## Try it
Copy each line below in which the string "Edition" occurs.
|---|
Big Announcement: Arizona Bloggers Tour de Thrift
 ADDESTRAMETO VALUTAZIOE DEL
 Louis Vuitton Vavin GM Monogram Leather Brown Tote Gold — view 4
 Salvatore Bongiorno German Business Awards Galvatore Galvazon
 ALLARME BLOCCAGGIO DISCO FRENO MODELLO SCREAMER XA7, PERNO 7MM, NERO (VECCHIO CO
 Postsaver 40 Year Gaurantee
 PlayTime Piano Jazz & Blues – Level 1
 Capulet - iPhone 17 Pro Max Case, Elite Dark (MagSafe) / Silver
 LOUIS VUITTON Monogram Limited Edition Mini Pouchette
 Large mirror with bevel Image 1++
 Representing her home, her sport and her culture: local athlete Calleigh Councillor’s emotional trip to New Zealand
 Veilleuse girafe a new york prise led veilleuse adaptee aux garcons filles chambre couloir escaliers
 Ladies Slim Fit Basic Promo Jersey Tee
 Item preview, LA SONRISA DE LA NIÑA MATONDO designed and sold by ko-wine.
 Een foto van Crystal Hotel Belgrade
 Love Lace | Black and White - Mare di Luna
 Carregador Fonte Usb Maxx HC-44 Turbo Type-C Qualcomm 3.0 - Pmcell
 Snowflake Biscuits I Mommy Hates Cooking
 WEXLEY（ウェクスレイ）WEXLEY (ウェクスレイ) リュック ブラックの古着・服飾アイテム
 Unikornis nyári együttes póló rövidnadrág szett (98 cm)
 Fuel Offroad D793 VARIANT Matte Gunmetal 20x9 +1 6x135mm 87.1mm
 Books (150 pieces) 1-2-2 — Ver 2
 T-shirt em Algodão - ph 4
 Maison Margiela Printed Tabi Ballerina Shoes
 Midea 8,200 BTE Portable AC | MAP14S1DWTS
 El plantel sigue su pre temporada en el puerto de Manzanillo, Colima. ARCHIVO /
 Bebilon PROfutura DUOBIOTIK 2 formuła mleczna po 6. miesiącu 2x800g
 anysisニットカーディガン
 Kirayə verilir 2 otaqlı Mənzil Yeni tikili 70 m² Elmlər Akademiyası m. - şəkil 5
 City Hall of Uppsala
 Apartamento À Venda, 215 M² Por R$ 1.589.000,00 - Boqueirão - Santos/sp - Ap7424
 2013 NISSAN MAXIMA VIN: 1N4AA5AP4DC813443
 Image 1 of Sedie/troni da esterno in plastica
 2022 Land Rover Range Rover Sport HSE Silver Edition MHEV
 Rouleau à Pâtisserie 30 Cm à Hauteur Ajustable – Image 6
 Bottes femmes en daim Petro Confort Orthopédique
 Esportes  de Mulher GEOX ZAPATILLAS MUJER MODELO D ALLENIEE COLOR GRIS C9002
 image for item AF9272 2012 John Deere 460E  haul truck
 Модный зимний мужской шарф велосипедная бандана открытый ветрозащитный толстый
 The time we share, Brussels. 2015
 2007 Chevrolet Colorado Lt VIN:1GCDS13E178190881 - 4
|---|
## Output below
 LOUIS VUITTON Monogram Limited Edition Mini Pouchette
 2022 Land Rover Range Rover Sport HSE Silver Edition MHEV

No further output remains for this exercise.